The White Rose Resistance: The Anti-Nazi Freedom Fighters Within The Nazi Party
By | February 14, 2020
The White Rose Resistance was made up of young Germans
The White Rose Resistance movement was only active from 1942–1943, but in that time, the group of young Germans fought back against the Nazis with their words. Refusing to be silent, they spread their convictions through secret meetings and more than 15,000 pamphlets, leaving a lasting mark on German society.
During World War II, the Nazi party did everything they could to essentially enlist the entire country of Germany into their fight. Those who were too old or feeble to join the military were told to keep their ears to the ground for dissent, and young people were enlisted in the Hitler Youth. The core members of the White Rose (Hans Scholl and his sister, Sophie, and their friends Christoph Probst, Alexander Schmorell, and Willi Graf) were members of Hitler Youth and the Union of German Girls, both organizations that spread Nazi ideologies to young people. As these young people came to understand what the Nazis were actually doing, however, they grew disillusioned and sought a way to counteract all the evil that the group was doing.
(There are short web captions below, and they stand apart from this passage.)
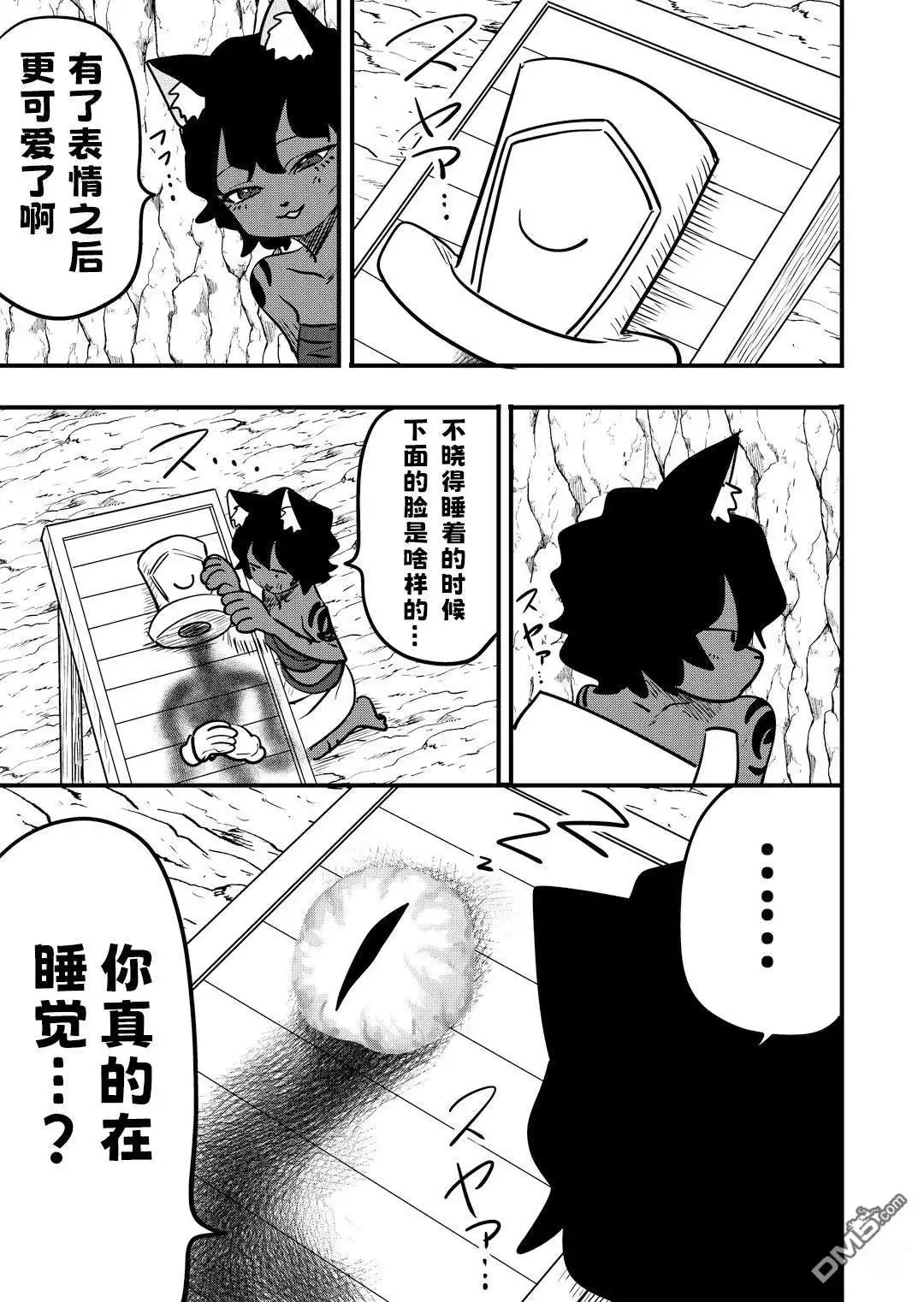 《被捡来的妮娜》第55话 第2页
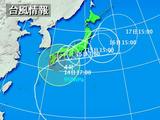 台風4号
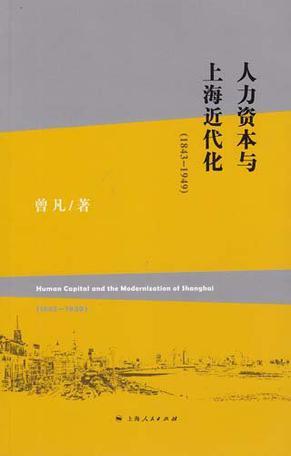 人力资本与上海近代化 1843-1949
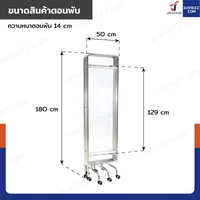 ฉากกั้น ฉากใส สแตนเลส304 รุ่นม่านใส TPU พับ 6 ตอน RB250604-1(6) ฉากกั้น ฉากใส สแตนเลส304 รุ่นม่านใส TPU พับ 6 ตอน RB250604-1(6)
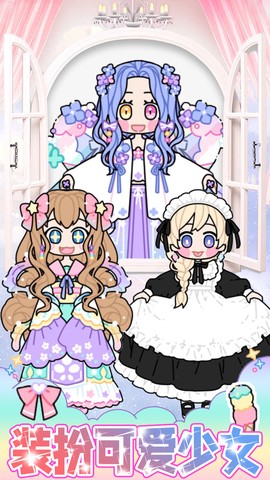 萌妹甜心搭配设计图2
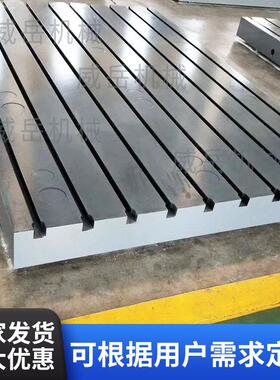 现货供应实验室铁地板灰铁铁地板铸铁底板铸铁底座T槽型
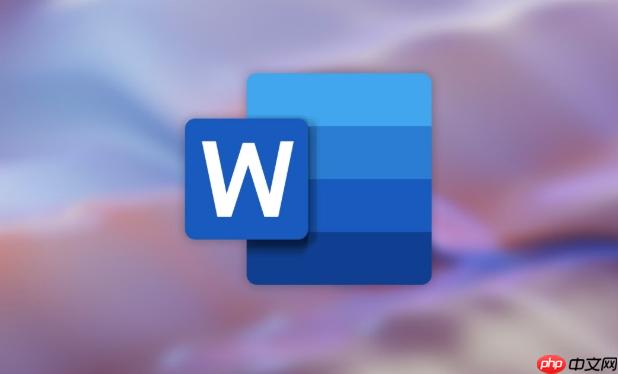 Word怎么设置双行合一 Word文字排版技巧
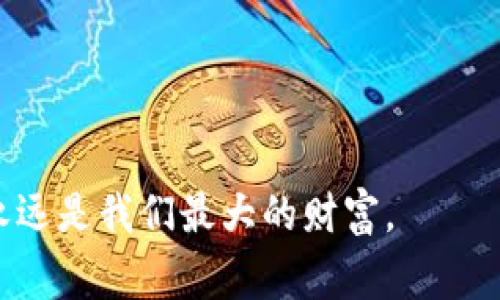 在当前科技快速发展的时代，区块链技术由于其去中心化、安全、透明等特点，吸引了越来越多的投资者和创业者的关注。尤其是在北京市这个中国科技创新的中心城市，区块链相关的投资机构和基金层出不穷。接下来，我将为大家详细介绍北京市的区块链基金情况，包括它们的特点、投资策略以及未来发展趋势。

区块链基金的崛起

说真的，区块链技术的兴起并非一蹴而就。从2013年比特币的初次爆发，到如今的以太坊、NFT（非同质化代币）和DeFi（去中心化金融）等各种创新，区块链的应用场景不断扩展，吸引了不少投资者的目光。

在这样的背景下，北京市内的区块链基金如雨后春笋般涌现，很多投资机构开始专注于区块链技术的早期投资，期望能在这个新兴领域占领先机。这些基金不仅包括传统的风险投资公司，还有一些专门针对区块链技术的独立基金。

知名区块链基金介绍

在北京市，不少知名的区块链基金正在积极布局。下面我将列举几家比较有影响力的基金，供大家参考。

1. 启明创投

启明创投成立于2006年，虽然它涉足的领域非常广泛，但在区块链领域也有着不小的投资布局。尤其是在区块链技术的基础设施、数字资产管理等方面，启明创投进行了多笔投资，且他们的团队中拥有多位区块链领域的专家。

2. 赛富科技基金

赛富投资基金是一家以技术驱动的投资机构，近年来他们逐渐加大了在区块链领域的投资。赛富科技基金不仅进行资金投入，还积极帮助投资的项目进行市场对接和资源整合。可以说，他们在推动区块链项目的落地上，发挥了重要的作用。

3. 链上资本

链上资本是一家专注于区块链及数字货币领域的投资基金。他们不仅投资初创企业，还参与了多个区块链项目的生态建设，深入挖掘各类项目的潜力，具备较强的市场洞察力和投资眼光。

投资策略

这些区块链基金虽然各有特色，但在投资策略上却有一些共通之处。下面我们来聊聊这些基金一般会关注哪些方面。

1. 技术团队

无论是哪个领域，优秀的技术团队都是成功的关键。在区块链领域尤为如此，很多基金在投资项目时会非常关注项目团队的背景、技术能力以及行业经验。因此，投资者在选择项目时，也可以关注团队的介绍，看看他们是否有足够的实力。

2. 市场前景

区块链技术的应用场景非常广泛，从金融、供应链，到版权保护等多个行业。而投资基金在选择项目时，会对市场需求、未来趋势等进行深入分析，以确保项目的可持续性和成长性。

3. 合规性

随着监管政策的完善，区块链领域的合规性问题逐渐突显。许多基金在投资前，会对项目进行严格的合规审查，确保所投资的项目符合国家的相关法律法规。这也是保护投资者利益，降低投资风险的重要一步。

未来发展趋势

对于很多初次接触区块链的朋友来说，或许对这个领域还有些陌生，不知道未来发展会如何。不过，从目前的趋势来看，可以预测以下几个方面：

1. 技术成熟度提高

现在很多区块链项目还在不断迭代和完善，但随着技术的成熟，未来会出现更多稳定、高效的区块链应用。这将为投资者带来更多的机会，同时也会吸引更多的传统行业入局。

2. 监管更加规范

区块链行业的监管政策在不断升级，未来会有更加清晰的法律法规出台，保护投资者的合法权益。监管的完善也会让一些优质项目获得更多的信任，进而推动行业发展。

3. 生态圈构建

随着区块链技术的普及，各个项目之间的关联性会越来越强，构建成熟的生态圈将是未来的重要趋势。不同的项目可以相互配合，共同创造更大的价值。

总结

总之，北京市区块链基金的蓬勃发展，正是国家对科技创新的大力支持和市场需求的自然结果。通过对区块链技术的不断探索和投资，这些基金不仅推动了产业的快速发展，也为投资者提供了丰富的机会。

虽然区块链投资有其独特的魅力，但同时也伴随着风险。因此，在进行相关投资之前，建议大家多做功课，深入了解项目背景、市场前景及团队实力，做到知己知彼，投资才能更有把握。

希望今天的分享能够为你们带来一些有价值的参考，让我们一起关注和拥抱这个快速发展的区块链新时代吧！

后记

如果你对区块链投资还有兴趣或疑问，欢迎随时交流讨论哦！我们一起在这条路上学习、成长。毕竟，在快速变化的科技时代，保持学习的热情永远是我们最大的财富。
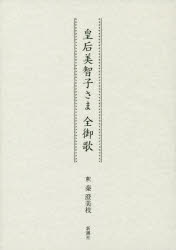 皇后美智子さま全御歌　皇后/〔著〕　秦澄美枝/釈
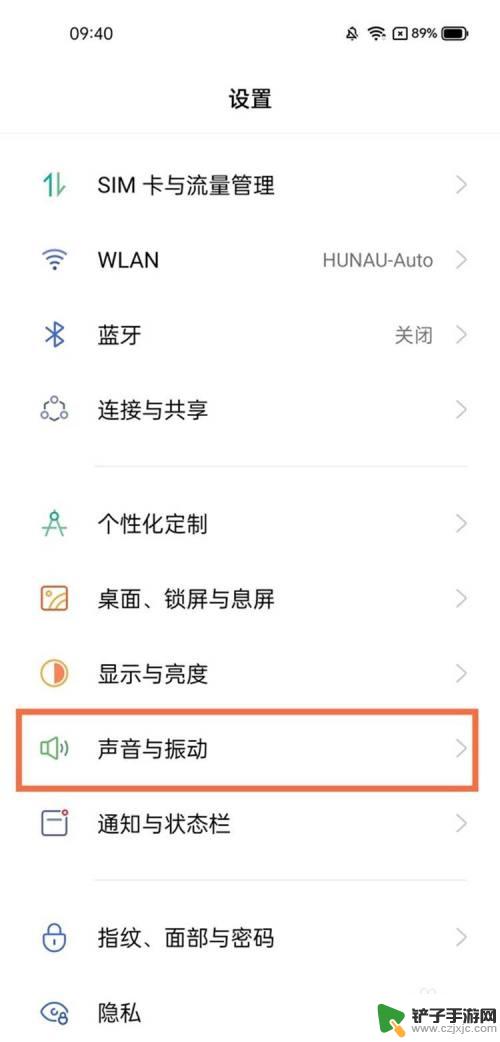 真我手机消息振动怎么关 realme真我v11取消按键震动的操作方法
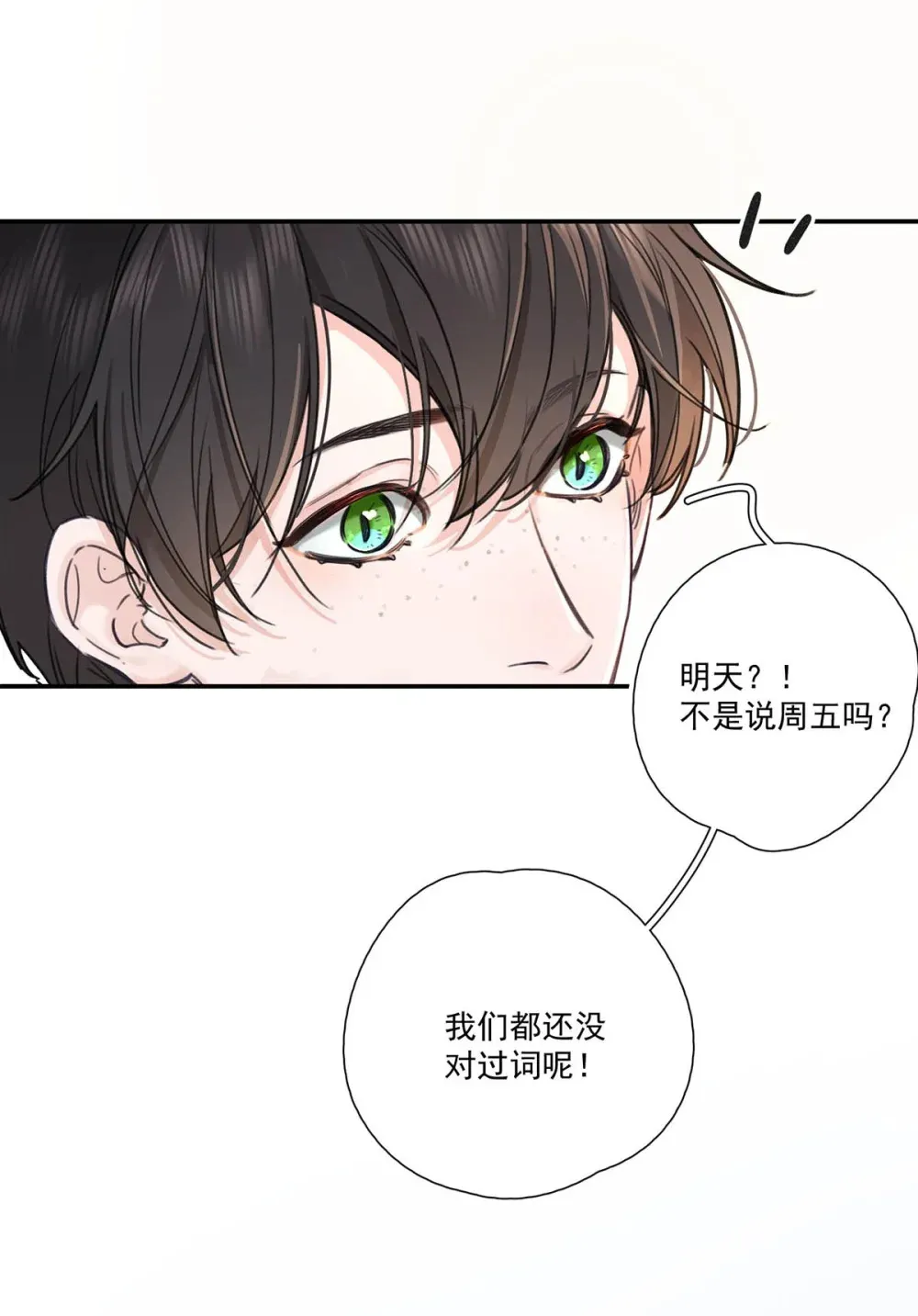 001 不是那种只想把人吊起来的变态……？31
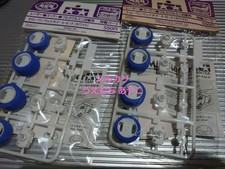 Mini jeu de roues étroites à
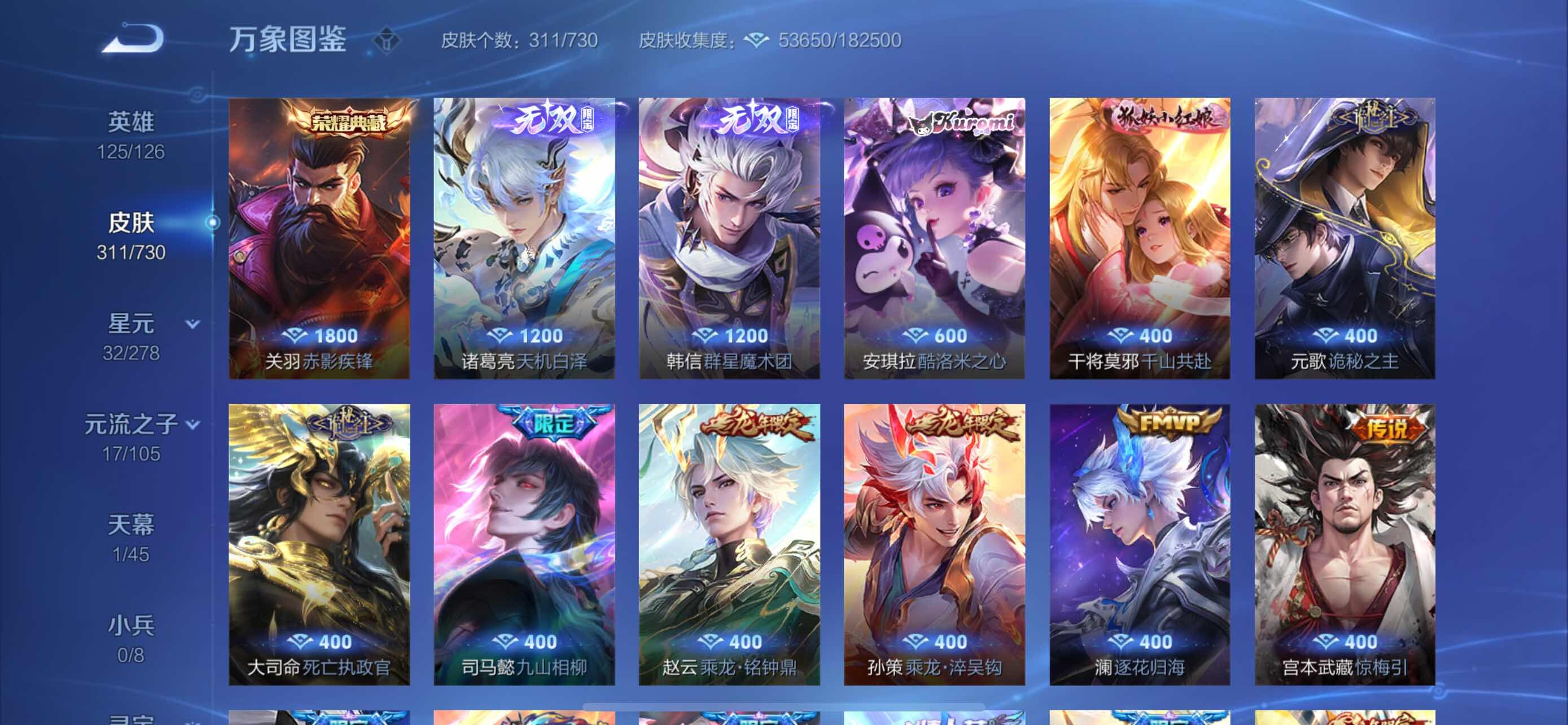 WZYXS3269197王者荣耀账号详情图6 WZYXS3269197王者荣耀账号详情图6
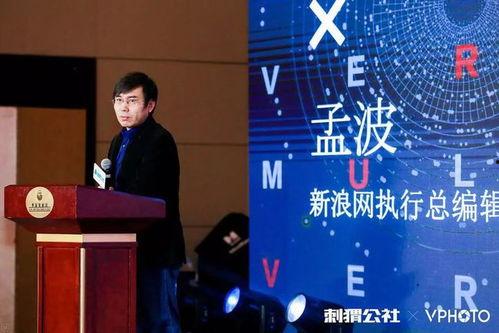 孟波爆料视频大全最新,揭秘娱乐圈不为人知的一面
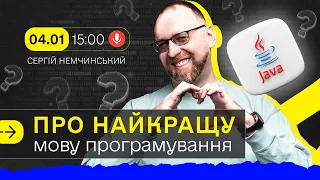 Що таке Java що на ній пишуть та чи варто обирати Java в 2024?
No one knows where the name "White Rose" came from
As cool as the name White Rose Resistance is, there's no definitive answer to the question of where it came from. It's likely that Hans Scholl was inspired by the poem of the same name by German poet Clemens Brentano. He may have also taken the name from Cuban poet Jose Marti, who wrote the line "Cultivo una rosa blanca" ("I grow a white rose"), or the German novel Die Weiße Rose (The White Rose). After his arrest, Scholl told his Nazi interrogators that the name was chosen at random, but historians believe that Scholl was trying to obscure its literary significance to lead them away from Josef Söhngen, an anti-Nazi bookseller who gave White Rose members their meeting place.